Propaganda helped convince Americans it was their duty to contribute economically.
Propaganda also encouraged Americans, mainly women and families, to ration
their food in order for it to be sent to the soldiers abroad. American women observed
days for boycotting a certain food or material. National “wheat less” or “sweet less”
days were used as a way to conserve food during the war. In addition, women
created “war gardens” that produced extra fruits and vegetables, which were rare for
the lack of labor on farms. Prohibition restricted the sale of grain supplies, and the
eighteenth amendment also banned consumption of alcohol. Women on the home
front obliged all of these efforts and restrictions for the sole purpose of supporting
American in the war, and because, according to propaganda posters, they would be
seen as “helping the enemy” if they didn’t.
Finally, one of the most dramatic events occurring on the American home front
during WWI was the large influenza (flu) outbreak. Without a modern medical
vaccination, 500,000 people suffered and died from this pandemic disease. This
greatly contributed to the chaos of the war years.
Truly, World War I was very devastating to all nations in involved, and the
home front of the nations had to substitute for all the men serving in the military or
killed in action.
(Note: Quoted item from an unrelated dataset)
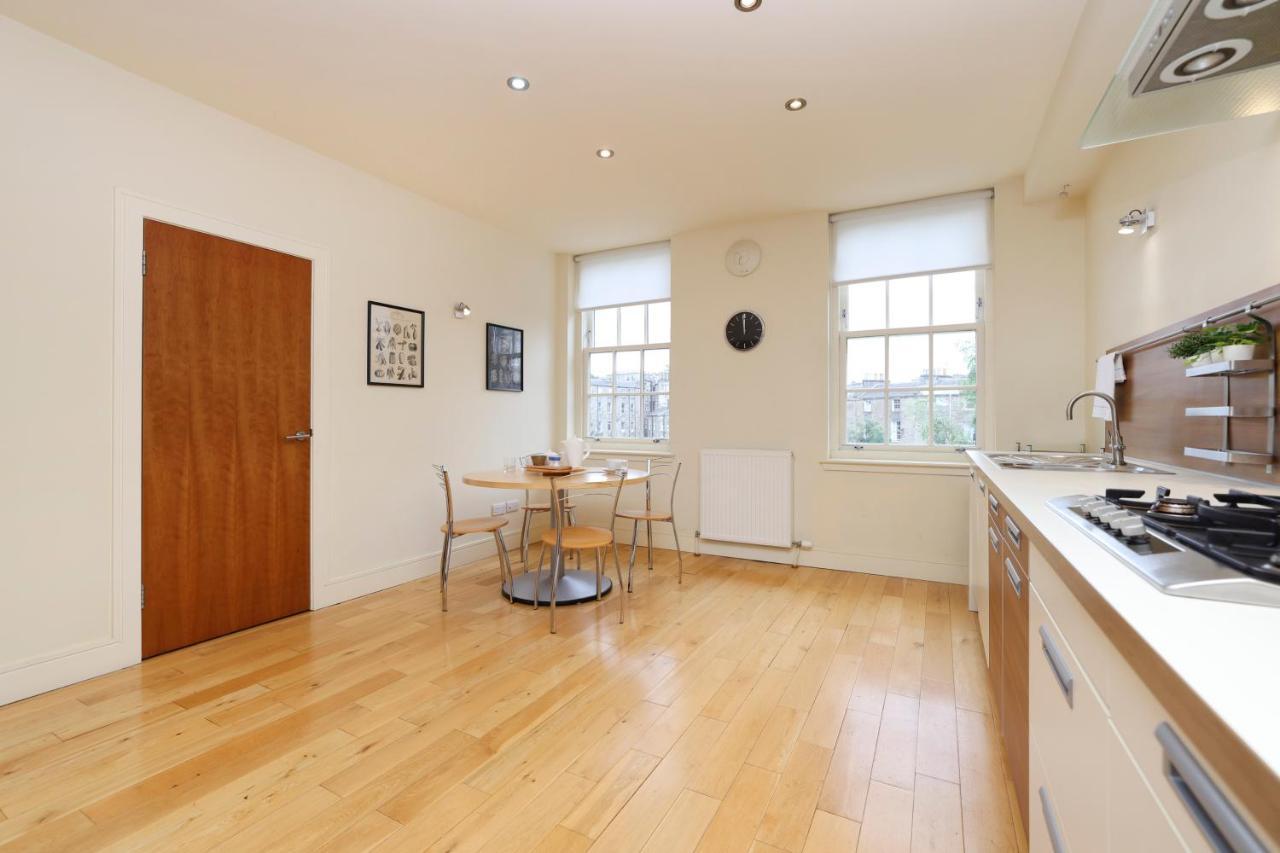 Joivy Spacious 2 Bed,2 Bath Flat, Free Parking And Rooftop Terrace Édimbourg Extérieur photo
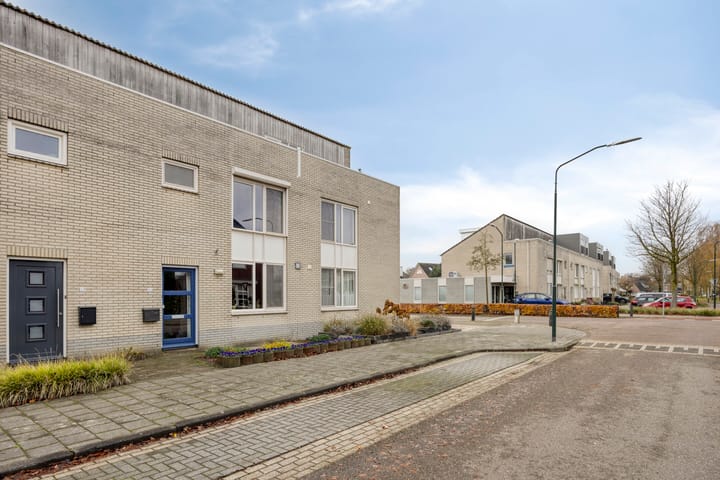 Foto 35 van De Aanloop 36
However, in America the majority of the war effort on the home front
was conducted by women forced to provide for their families while their men were at
war. Other women joined the effort just to help the Americans in the war. American
women and African-Americans fulfilled factory jobs that supplied the armed forces and
households in the U.S., and women served as nurses and recruiters for the military.
Women back on the home front also bought Liberty bonds, and observed days
for conserving food, as well as abiding by numerous laws, which aided the war effort.
The support of all the hard working people on the home front during World War I
enabled America and the Allied forces to win the “Great War”, and end the violence,
death, and despair, which had scourged the world in the early twentieth century.